Philip Fisher On Management Integrity
Tuesday, June 10, 2008
In the investment classic, Common Stocks and Uncommon Profits , the late Philip Fisher wrote about 15 points one should consider when buying a stock (chapter 3).
The last 2 points (points 14 & points 15) focused on the issue of management integrity.
- Does the management talk freely to investors about its affairs when things are going well but “clam up” when troubles and disappointments occur?
- Does the company have a management of unquestionable integrity?

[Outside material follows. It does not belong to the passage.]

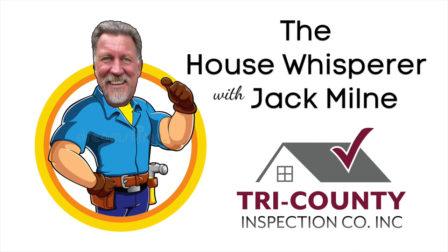We're back once again with Jack Milne, the House Whisperer, who is here every week dispensing invaluable advice. As the old saying goes, sometimes size matters. Before we went to the station break, we were talking 8x10s versus a 10x12 shed. One is 80 square feet versus 120 square feet. The 120 square foot shed is a third larger, and costs are similar.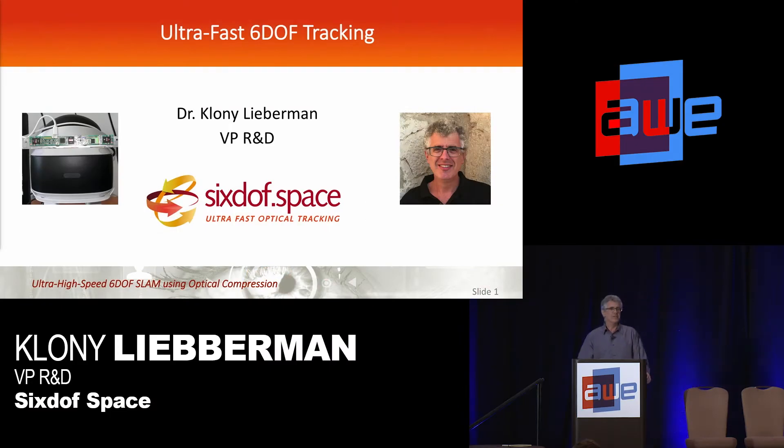Good morning, everyone. My name is Clooney, as you heard, and I'm from a small startup called Sixtoff Space, based out in Israel. We're developing a novel approach to doing high-speed Sixtoff tracking that's much less computationally intensive than what's currently out there.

According to Fisher in point number 14:
- The management that does not report as freely when things are going badly as when they are going well usually 'clams up' in this way for one of several rather significant reasons. It may not have a program worked out to solve the unanticipated difficulty. It may have become panicky. It may not have an adequate sense of responsibility to its shareholders, seeing no reason why it should report more than what may seem expedient at the moment. In any event, the investor would do well to exclude from investment in any company that withholds or tries to hide bad news.
There was one nice example back in 2006 which reflects what Mr. Fisher is talking about. See DVM: Part III.
The company makes a rather huge loss. And instead of even explaining to the investing public why and how the losses occured, the executive director of the company talked about being optimistic about the company's future prospects!!!!
According to Fisher, "It is the nature of business that in even the best run companies unexpected difficulties, profit squeezes, and unfavorable shift in demand for their products will at times occur."
For example, a well-managed company under-taking a massive plant expansion might face unexpected delays, unexpected expenses or unbudgeted costs. And this delay totally messes up the management's profit forecasts or could it even put a huge damper on the group's profits. (Remember Mieco case?)
And according to Fisher, "How a management reacts to such matters can be a valuable clue the investor."
Now in the plant expansion example, some management may 'calm up' their investors by not telling the investors what exactly is happening because the mangement does not want to create an impression that either things are out of control or they do not have a contingency plan to correct what is going wrong.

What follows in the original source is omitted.